*WHAT TO PRODUCE*
Write the records out again exactly as they read, dropping any picture they hold.

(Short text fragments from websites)
..............................
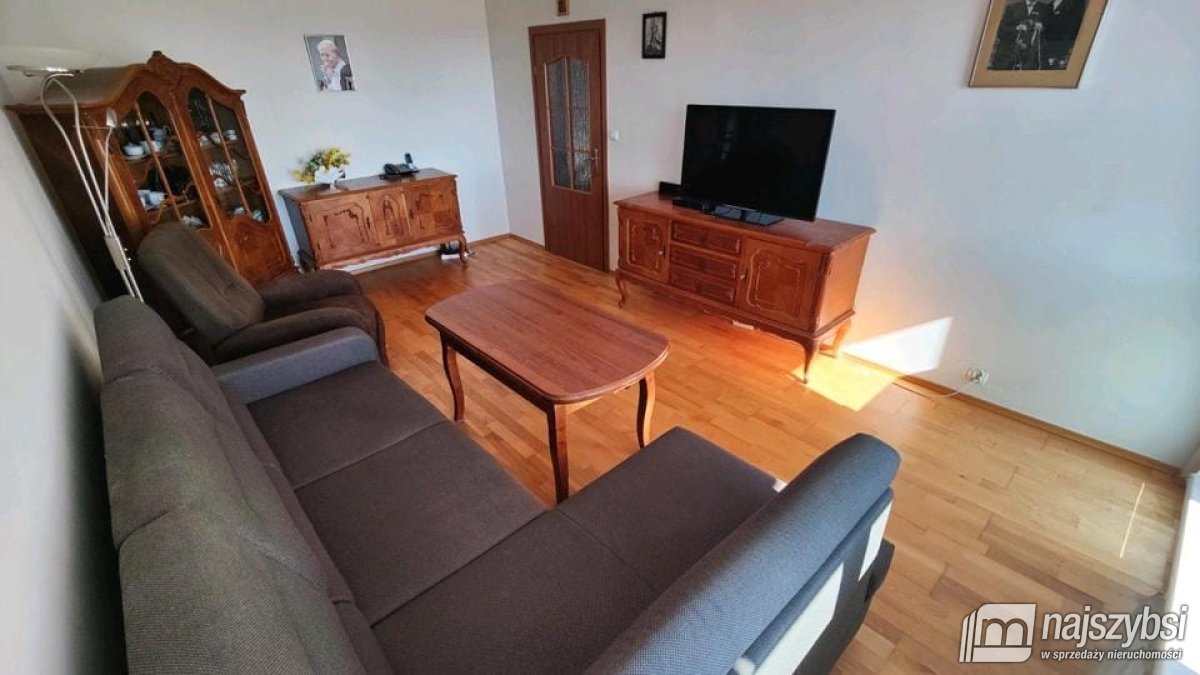 Świnoujście - mieszkanie z widokiem na port (3)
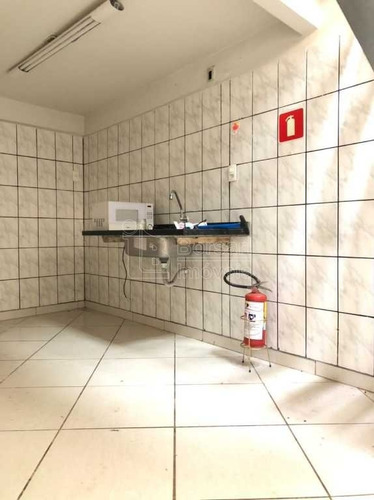 Venda De Comercial / Salão Na Cidade De Araraquara 10984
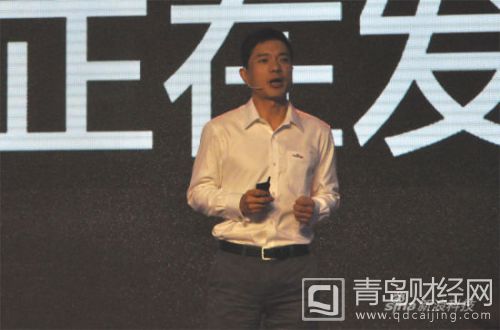 未来五年语音图片搜索将超过文字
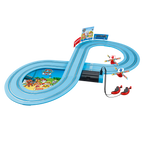 Circuito Carreras Chase & Marshall Patrulla Canina Paw Patro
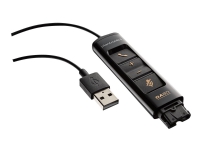 Poly DA80 - Lydkort - USB - for EncorePro HW510, HW515, HW520, HW525, HW530, HW535, HW545, HW710, HW715, HW720, HW725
..............................
*SOLUTION TO THE PROBLEM*
 Świnoujście - mieszkanie z widokiem na port (3)
 Venda De Comercial / Salão Na Cidade De Araraquara 10984
 未来五年语音图片搜索将超过文字
 Circuito Carreras Chase & Marshall Patrulla Canina Paw Patro
 Poly DA80 - Lydkort - USB - for EncorePro HW510, HW515, HW520, HW525, HW530, HW535, HW545, HW710, HW715, HW720, HW725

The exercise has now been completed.